Le numérique abolit totalement les notions de temps, d’espace, et nous rend chacun de nous ubiquitaire et omniscient. L’espèce humaine change, et la ville est une sorte de terreau d’humanité en plein renouvellement. La dimension humaine (interactions sociales, solidarité, concertation citoyenne, mutualisation et valorisation de compétences…) et, plus largement, tout ce qui contribue au « Vivre ensemble » restent pourtant encore peu investis dans le contexte de la smart city.
Le projet a démarré il y a plus d’un an et en est au stade de l’expérimentation. La plateforme[4], évolutive et participative, permettra à tous les acteurs territoriaux (particuliers, entreprises, commerces, services publics, administrations, collectivités, associations…) d’accéder à des services d’hyper-proximité. L’objectif de Smart City+ est de proposer des solutions innovantes pour répondre aux nouveaux enjeux du vivre ensemble en encourageant les dynamiques d’interactions sociales et d’intercréativité dans les domaines de la culture, de l’éducation, de l’économie, de la solidarité et des initiatives citoyennes. Les utilisateurs pourront trouver des services pratiques locaux (transport par covoiturage, urbanisme, sécurité, environnement, énergie…), d’achats groupés, des informations locales personnalisées, des services métiers avec des échanges de compétences entre les habitants, des offres d’emplois, des interactions sociales favorisant l’innovation sociale et les débats avec des acteurs économiques, sociaux ou culturels de la région.

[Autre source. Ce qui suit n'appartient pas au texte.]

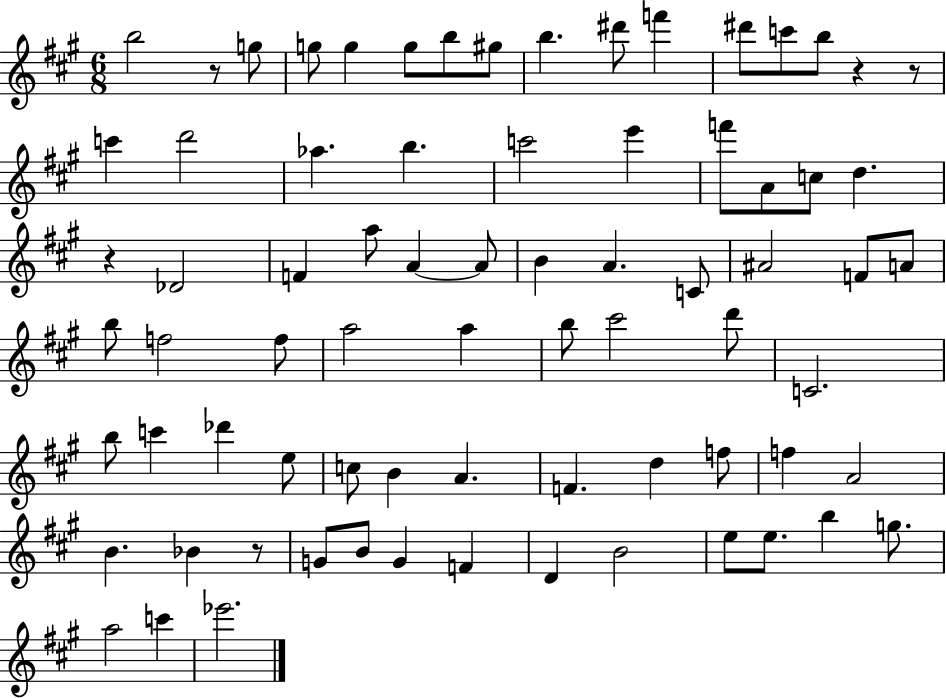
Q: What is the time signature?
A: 6/8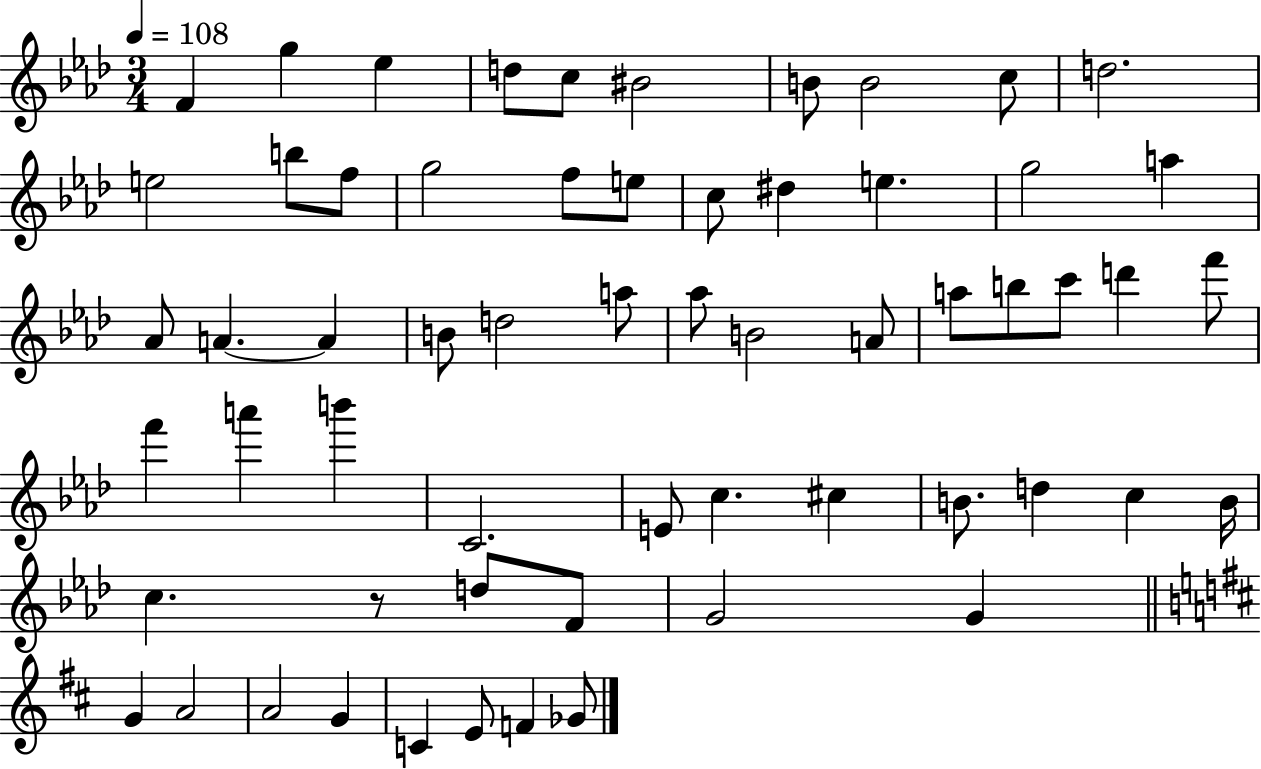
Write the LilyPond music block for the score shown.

{
  \clef treble
  \numericTimeSignature
  \time 3/4
  \key aes \major
  \tempo 4 = 108
  f'4 g''4 ees''4 | d''8 c''8 bis'2 | b'8 b'2 c''8 | d''2. | \break e''2 b''8 f''8 | g''2 f''8 e''8 | c''8 dis''4 e''4. | g''2 a''4 | \break aes'8 a'4.~~ a'4 | b'8 d''2 a''8 | aes''8 b'2 a'8 | a''8 b''8 c'''8 d'''4 f'''8 | \break f'''4 a'''4 b'''4 | c'2. | e'8 c''4. cis''4 | b'8. d''4 c''4 b'16 | \break c''4. r8 d''8 f'8 | g'2 g'4 | \bar "||" \break \key d \major g'4 a'2 | a'2 g'4 | c'4 e'8 f'4 ges'8 | \bar "|."
}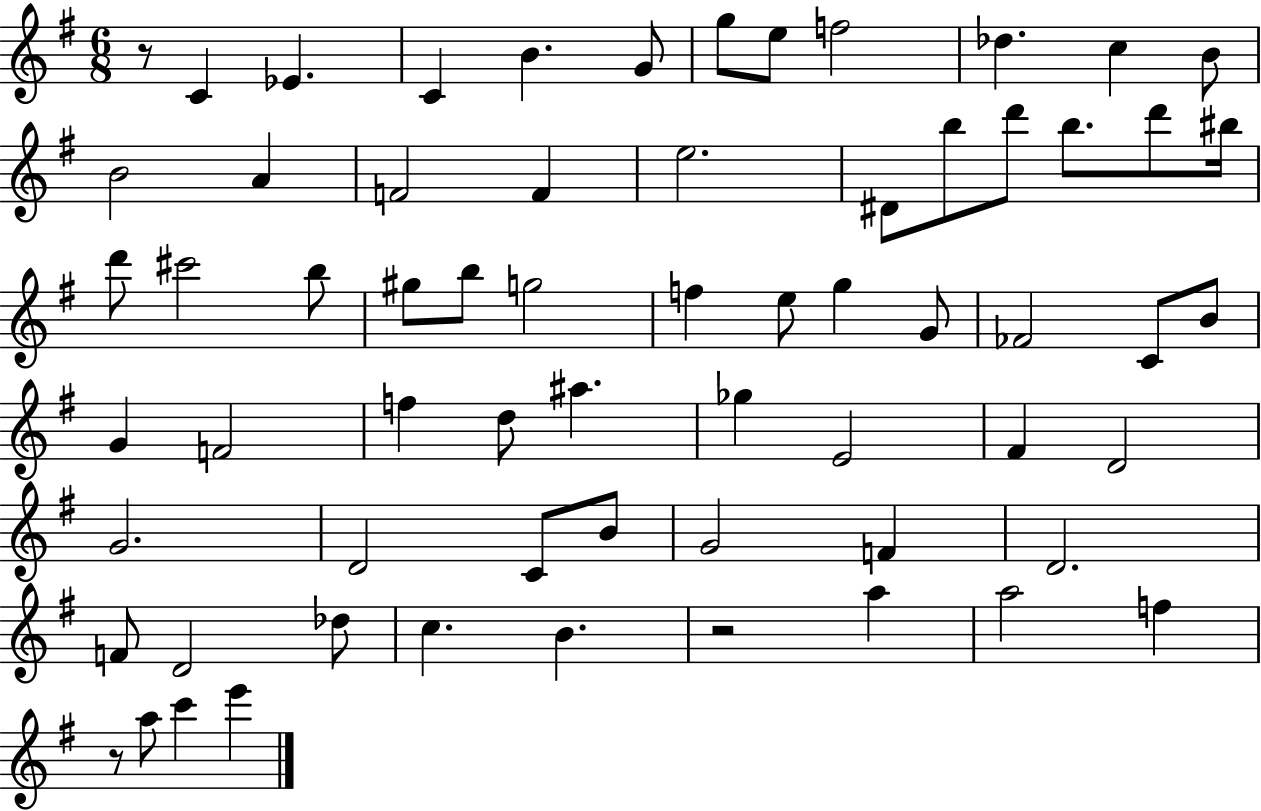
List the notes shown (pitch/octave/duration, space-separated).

R/e C4/q Eb4/q. C4/q B4/q. G4/e G5/e E5/e F5/h Db5/q. C5/q B4/e B4/h A4/q F4/h F4/q E5/h. D#4/e B5/e D6/e B5/e. D6/e BIS5/s D6/e C#6/h B5/e G#5/e B5/e G5/h F5/q E5/e G5/q G4/e FES4/h C4/e B4/e G4/q F4/h F5/q D5/e A#5/q. Gb5/q E4/h F#4/q D4/h G4/h. D4/h C4/e B4/e G4/h F4/q D4/h. F4/e D4/h Db5/e C5/q. B4/q. R/h A5/q A5/h F5/q R/e A5/e C6/q E6/q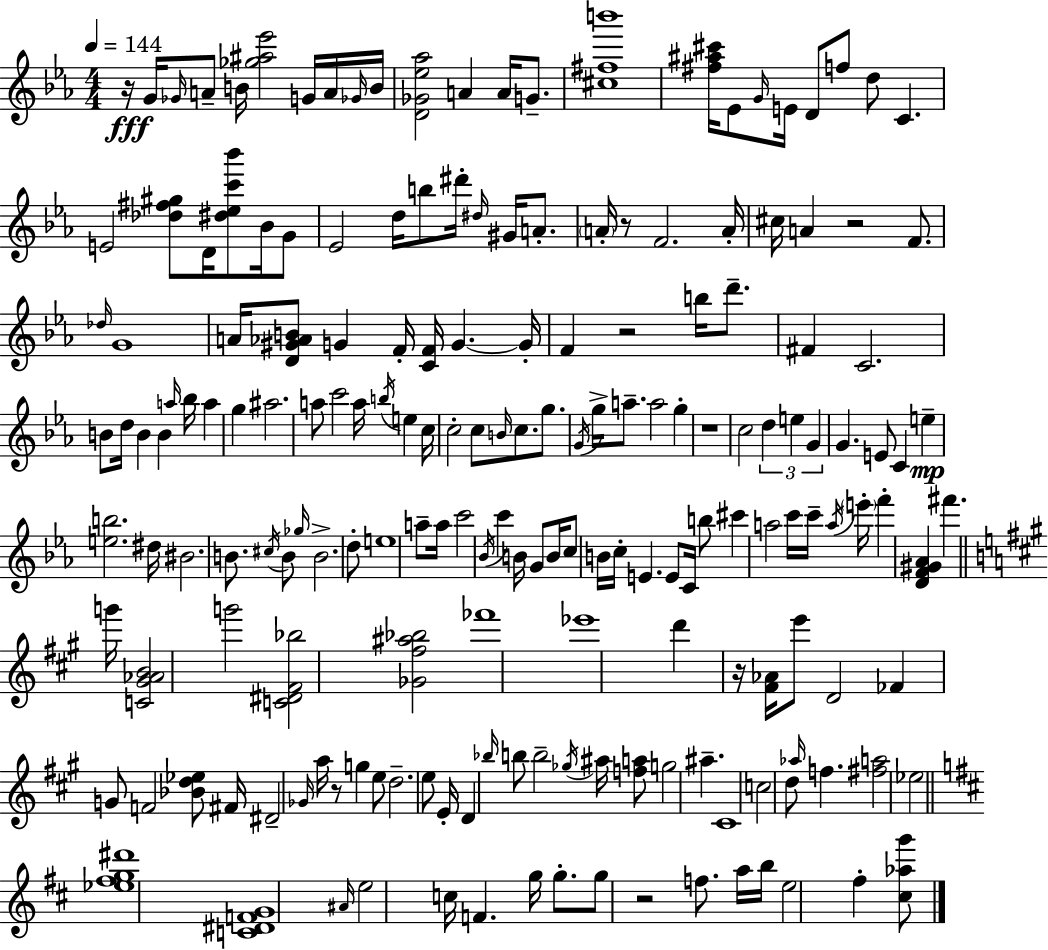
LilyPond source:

{
  \clef treble
  \numericTimeSignature
  \time 4/4
  \key ees \major
  \tempo 4 = 144
  \repeat volta 2 { r16\fff g'16 \grace { ges'16 } a'8-- b'16 <ges'' ais'' ees'''>2 g'16 a'16 | \grace { ges'16 } b'16 <d' ges' ees'' aes''>2 a'4 a'16 g'8.-- | <cis'' fis'' b'''>1 | <fis'' ais'' cis'''>16 ees'8 \grace { g'16 } e'16 d'8 f''8 d''8 c'4. | \break e'2 <des'' fis'' gis''>8 d'16 <dis'' ees'' c''' bes'''>8 | bes'16 g'8 ees'2 d''16 b''8 dis'''16-. \grace { dis''16 } | gis'16 a'8.-. \parenthesize a'16-. r8 f'2. | a'16-. cis''16 a'4 r2 | \break f'8. \grace { des''16 } g'1 | a'16 <d' gis' aes' b'>8 g'4 f'16-. <c' f'>16 g'4.~~ | g'16-. f'4 r2 | b''16 d'''8.-- fis'4 c'2. | \break b'8 d''16 b'4 b'4 | \grace { a''16 } bes''16 a''4 g''4 ais''2. | a''8 c'''2 | a''16 \acciaccatura { b''16 } e''4 c''16 c''2-. c''8 | \break \grace { b'16 } c''8. g''8. \acciaccatura { g'16 } g''16-> a''8.-- a''2 | g''4-. r1 | c''2 | \tuplet 3/2 { d''4 e''4 g'4 } g'4. | \break e'8 c'4 e''4--\mp <e'' b''>2. | dis''16 bis'2. | b'8. \acciaccatura { cis''16 } b'8 \grace { ges''16 } b'2.-> | d''8-. e''1 | \break a''8-- a''16 c'''2 | \acciaccatura { bes'16 } c'''4 b'16 g'8 b'16 c''8 | b'16 c''16-. e'4. e'8 c'16 b''8 cis'''4 | a''2 c'''16 c'''16-- \acciaccatura { a''16 } \parenthesize e'''16-. f'''4-. | \break <d' f' gis' aes'>4 fis'''4. \bar "||" \break \key a \major g'''16 <c' gis' aes' b'>2 g'''2 | <c' dis' fis' bes''>2 <ges' fis'' ais'' bes''>2 | fes'''1 | ees'''1 | \break d'''4 r16 <fis' aes'>16 e'''8 d'2 | fes'4 g'8 f'2 <bes' d'' ees''>8 | fis'16 dis'2-- \grace { ges'16 } a''16 r8 g''4 | e''8 d''2.-- | \break e''8 e'16-. d'4 \grace { bes''16 } b''8 b''2-- | \acciaccatura { ges''16 } ais''16 <f'' a''>8 g''2 ais''4.-- | cis'1 | c''2 d''8 \grace { aes''16 } f''4. | \break <fis'' a''>2 ees''2 | \bar "||" \break \key b \minor <ees'' fis'' g'' dis'''>1 | <c' dis' f' g'>1 | \grace { ais'16 } e''2 c''16 f'4. | g''16 g''8.-. g''8 r2 f''8. | \break a''16 b''16 e''2 fis''4-. <cis'' aes'' g'''>8 | } \bar "|."
}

Pour résumer : Smart City+ est une plateforme d’échange et de co-création qui permet de profiter des opportunités offertes autour de soi et de développer la qualité du vivre ensemble en créant de nouveaux liens, de nouvelles créations valeur associant mobilité et proximité.
VA : Le Cube, que vous dirigez, est également associé au projet Smart City+. Quel est son rôle excactement ?
NA : Effectivement, le Cube met son savoir-faire au service des futurs usagers de Smart City+, en proposant des formations, un accompagnement, et en participant à l’animation de la communauté des utilisateurs de la plateforme autour de projets culturels et éducatifs.
En tant que centre de création numérique, pionnier en France et précurseur de la smart city, le Cube est un lieu transdisciplinaire, intergénérationnel, et une vitrine de toutes les formes d’art, de création, d’innovation et d’expression numériques. Il est logique qu’il participe au projet Smart City+.
Depuis 2001, le Cube accueille les publics de tous âges et permet d’appréhender le numérique de façon créative au travers d’initiations, d’ateliers et de résidences de création, du débutant au professionnel confirmé.
Nos équipes mettent en œuvre des concepts initiés il y a vingt ans au MediaLab du MIT à Boston (USA). Le Cube fonctionne comme un vrai laboratoire pluridisciplinaire, associant artistes et chercheurs.
On y explore, crée, mutualise ou transpose ce qui a fonctionné ailleurs. Le Cube mène également des actions scolaires de la maternelle au lycée. Il est engagé dans des projets pilotes éducatifs depuis 13 ans, qui mettent en œuvre les outils numériques et les pratiques multimédias. Ces expériences donnent d’excellents résultats et changent la relation entre élève et professeur. Les élèves sont plus solidaires, moins dans la l’ « égo compétitif », davantage dans l’ « égo coopératif » pour citer le philosophe Patrick Viveret. Ce qui est remarquable par ailleurs, c’est que grâce à ces projets le niveau général de la classe progresse dans toutes les matières nous disent les enseignants.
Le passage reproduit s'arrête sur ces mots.